She snapped the radio off, set it to one side, and entered the room. Crablike, she scuttled in and waited for her breathing to slow down. She could see Anjoli's cheek, shining wet with tears or sweat. It had to be him, no one else had hair swept back like that.

“Anjoli!” she cried, in a hoarse whisper. “I'm here.”

Oh, the crying was louder now and it was the loneliest sound in the world. It was desolate, tired, and abandoned, as if he'd been crying all night. It was so full of longing that it moved things in Millie's guts she never wanted moved again. “I'm here,” she said. “It's me—Millie! Be quiet, Anjoli, please!”

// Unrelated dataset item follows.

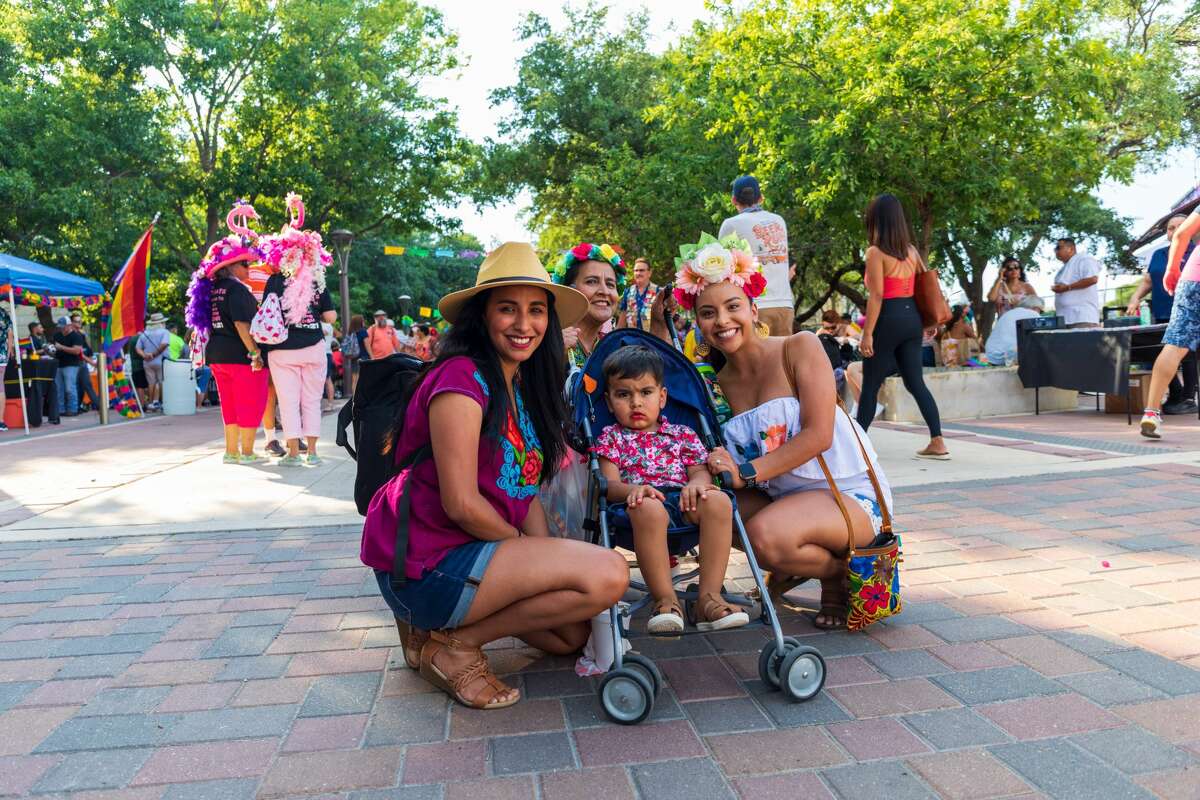 San Antonians came out to ¡viva Fiesta baby! at the annual Hemisfair kick-off event, Fiesta Fiesta on Thursday, June 17, 2021.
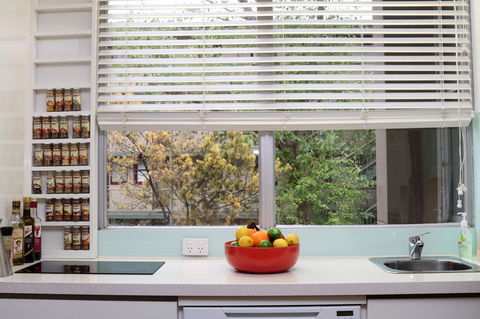 Colour Pop Fitzroy - 3 Bedroom Pet Friendly - C Tourism 24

She came past the first robot. It was wearing a surgical mask. There were tools on its tray, bright silver in the candlelight. Little picks and knives and tweezers, but she didn't want to look. She glanced up and the second one seemed to be staring at her, over an identical white mask. Cotton wool and towels were piled on that tray.

Millie forced her eyes forward and focused only on Anjoli. He was bound by his wrists and his ankles, and there was a complicated scaffold holding his head still, drawing it backward. His eyes were wide, bigger than ever, and they were filmed with tears and they weren't focusing. His lips were slightly open too and he was breathing evenly. Deep shock, perhaps?

She put her hands against his face and pushed his hair back. He was warm to the touch. “Anjoli,” she said. “Have they hurt you? Have they done anything?”

He stared past her, he didn't know she was there—but the sobbing started again, louder now. It seemed to come not from Anjoli, but from the walls and ceiling. Even as Millie looked up and around, the sobbing started to echo and take on a demented quality, more like mocking laughter.

“He can't hear you,” said a voice.

Millie swung round, and there was Miss Hazlitt, and she too was laughing. She was wearing a white coat. Millie had never seen her in a white coat before. A tape rewound and she heard her own voice, loud and demanding: “
Excuse me, miss? Excuse me?
” Then she heard Ruskin, asking a question, and the laughter of a whole classroom full of children.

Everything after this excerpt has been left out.